Let $a,b\in\mathbb{E}$ where $\mathbb{E}$ is an euclidean domain. Prove that if $a$ and $b$ are coprimes, then $a^n$ and $b$ are coprimes for all $n\in\mathbb{N}$. I think the proof is by induction on $n$ and that's how I started it, but any suggestions are appreciated.

Answer 1

Denote $Ra$, the principal ideal generated by $a$, by $(a)$.

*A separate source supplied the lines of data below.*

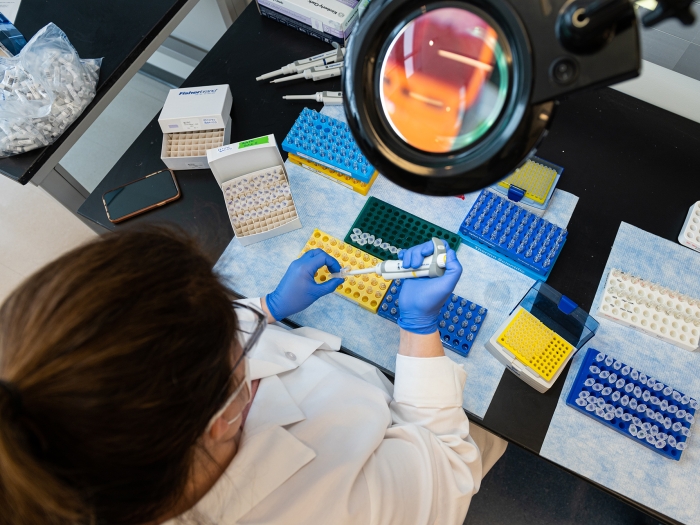 Photo taken from above of a female researcher in the Metabolomics Core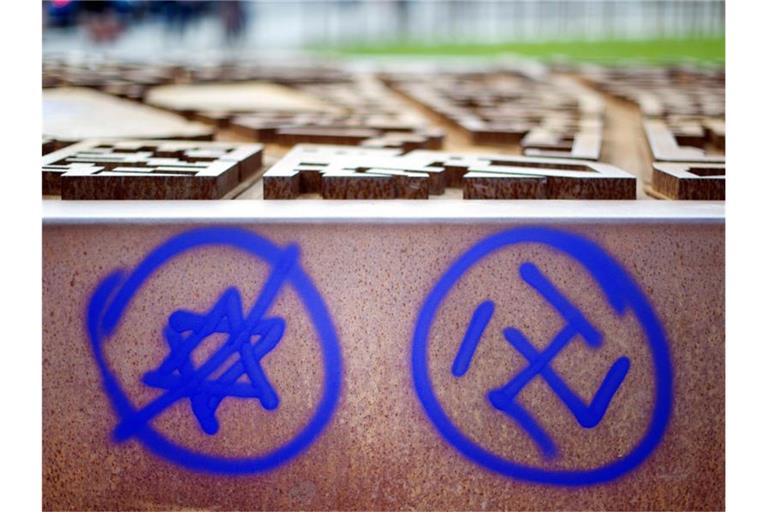 Ein Hakenkreuz und ein durchgestrichener Davidstern sind an einer Gedenkstätte zu sehen. Foto: Daniel Reinhardt/dpa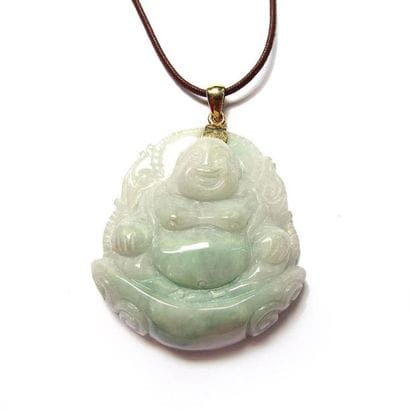 PENDENTIF en jadéïte sculptée figurant un...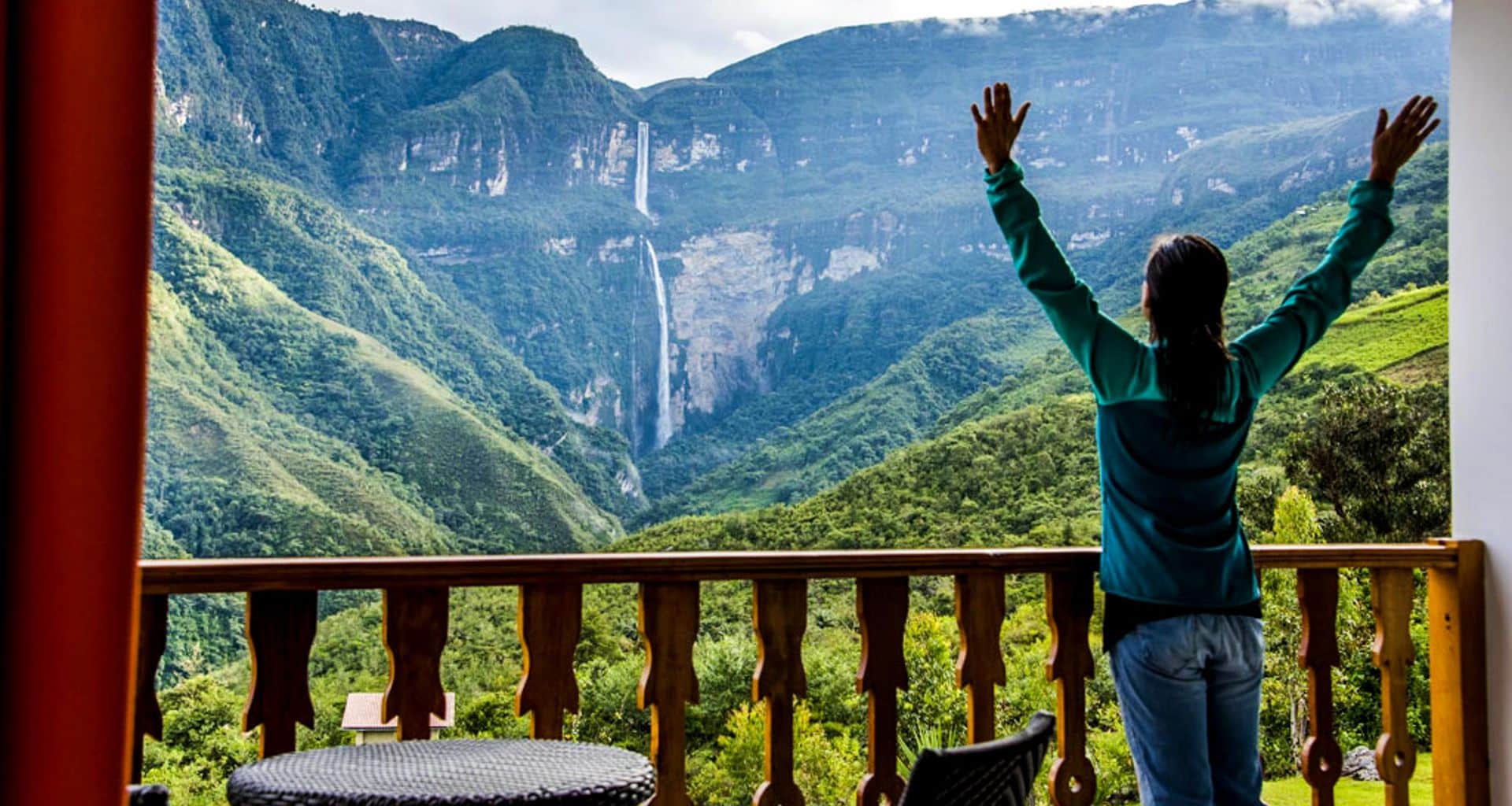 A person stands on a balcony with arms raised, overlooking the lush green mountains near Gocta Waterfalls, close to Chachapoyas. The vibrant scene suggests awe and a deep connection with nature’s beauty.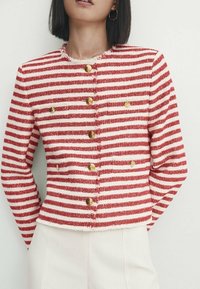 Veste courte rayée rouge et blanche en tissu texturé, dotée de boutons dorés et d'un col rond.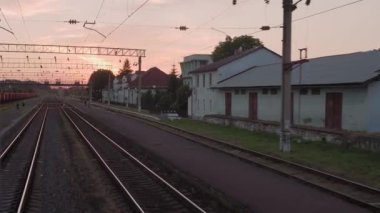 Pencereden yüksek hızlı tren manzarası güzel doğa manzarası vahşi arazi ve orman rayları yaz arkaplanında akşam günbatımında tren rayları. Ulaşım, seyahat, demiryolu, iletişim konsepti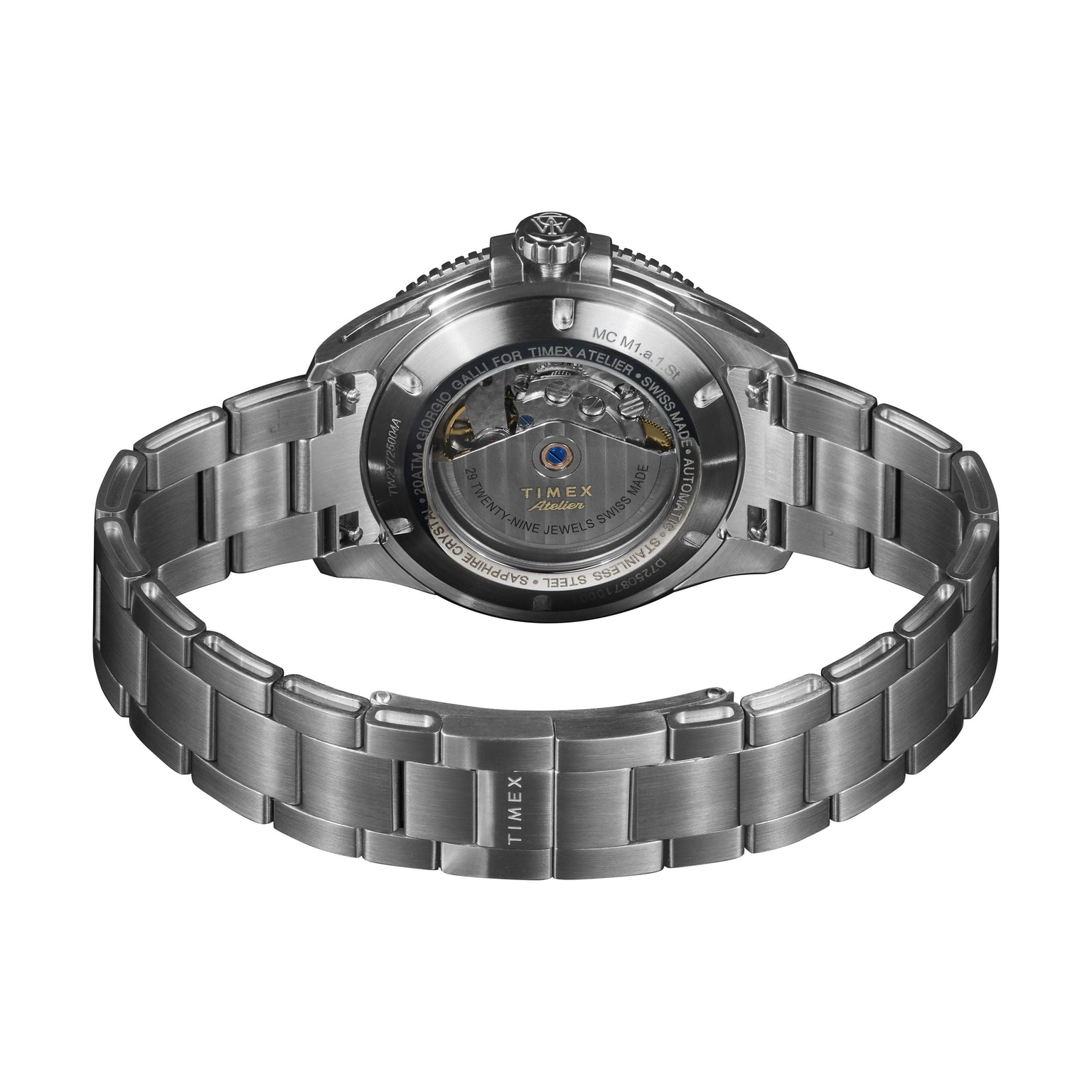 A close-up of the Timex Atelier Marine M1a Swiss Made Automatic highlights its minimalist design, transparent case back revealing the mechanism, and an open metal bracelet with “TIMEX” engraved on the clasp.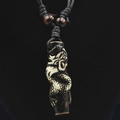 Close-up of vintage resin dragon totem pendant with intricate carving on a black cord - Black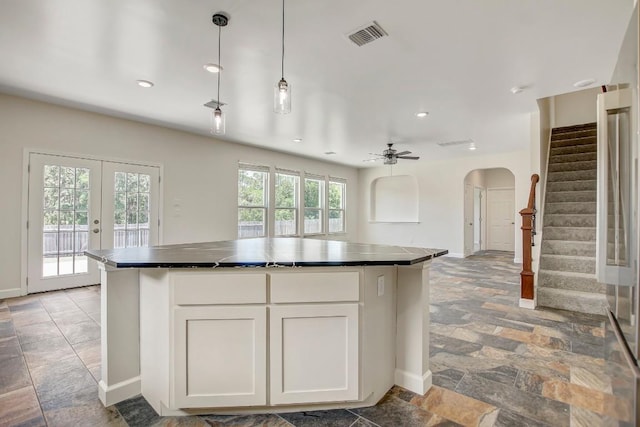309 Camperdown Elm Dr, Austin, TX 78748 - kitchen with arched walkways, stone tile floors, dark countertops, white cabinets, and a center island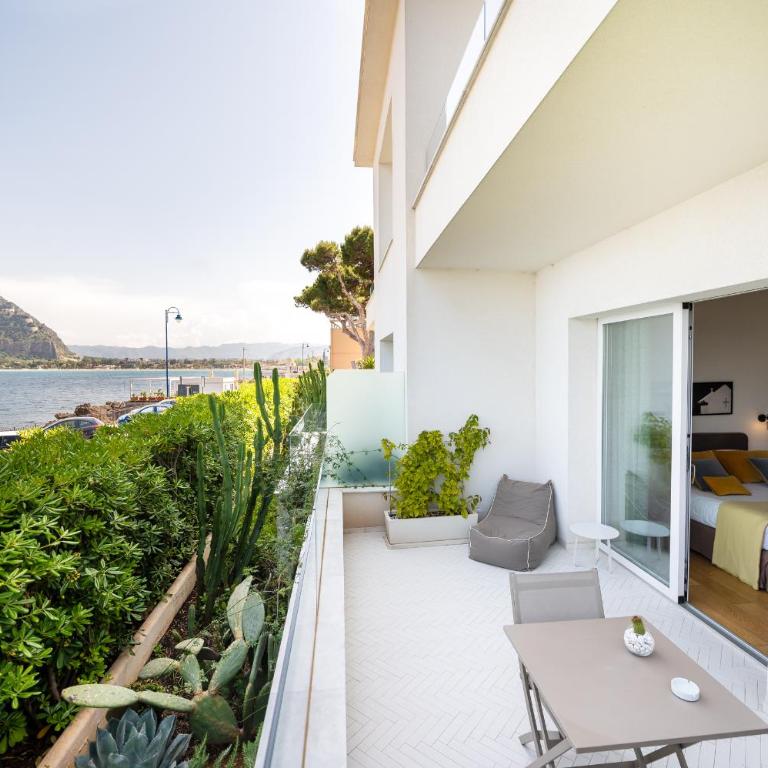 Unìco Boutique Hotel d'Arte - Habitación Doble con balcón y vistas al mar - 4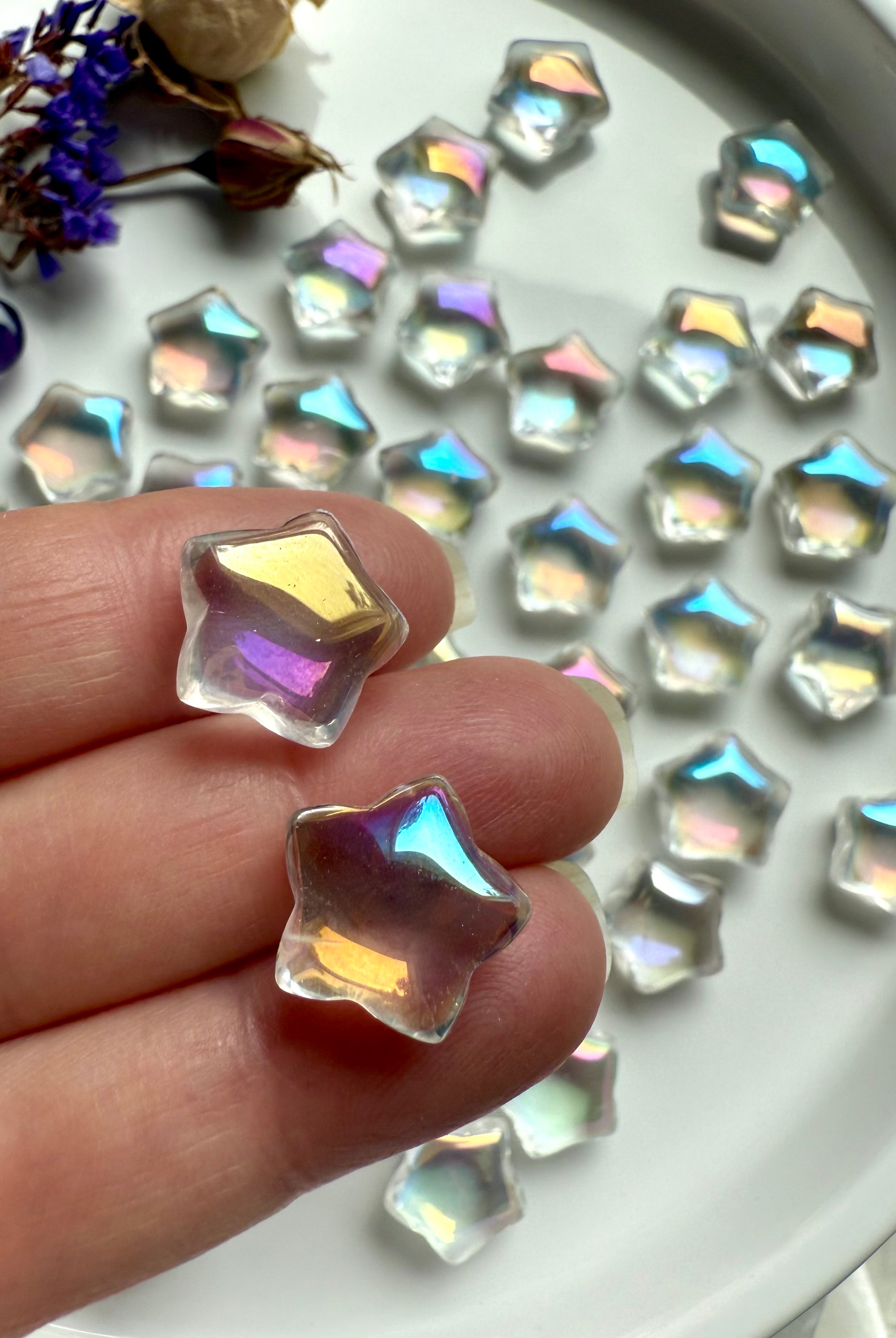 Close-up of mini aura quartz star carvings with opalescent rainbow light — pocket-sized crystals for healing, peace, and meditation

Let us recall the following statement (some textbooks state it as part of the CRT (Chinese Remainder Theorem)):

Let $R$ be a commutative ring with $1$. If ideals $I,J$ are coprime ($A,B$ are coprime ideals provided $A+B=R$), then so are $I^n,J^m$ for all $m,n\in \mathbb Z_+$. (Hint for the proof: If we have proved ${\color {skyblue} I}, {\color{violet}{J^m}}$ are coprime, then using this statement again implies so are ${\color {skyblue} I}^n, {\color{violet}{J^m}}$)

By Bezout's identity, two elements in a PID are coprime iff their correponding principal ideals are coprime. $a,b$ are coprime$\implies$ the ideal $(a),(b)$ are coprime ideals$\implies$ $(a)^n=(a^n),(b)$ are coprime ideals$\implies$ $a^n,b$ are coprime.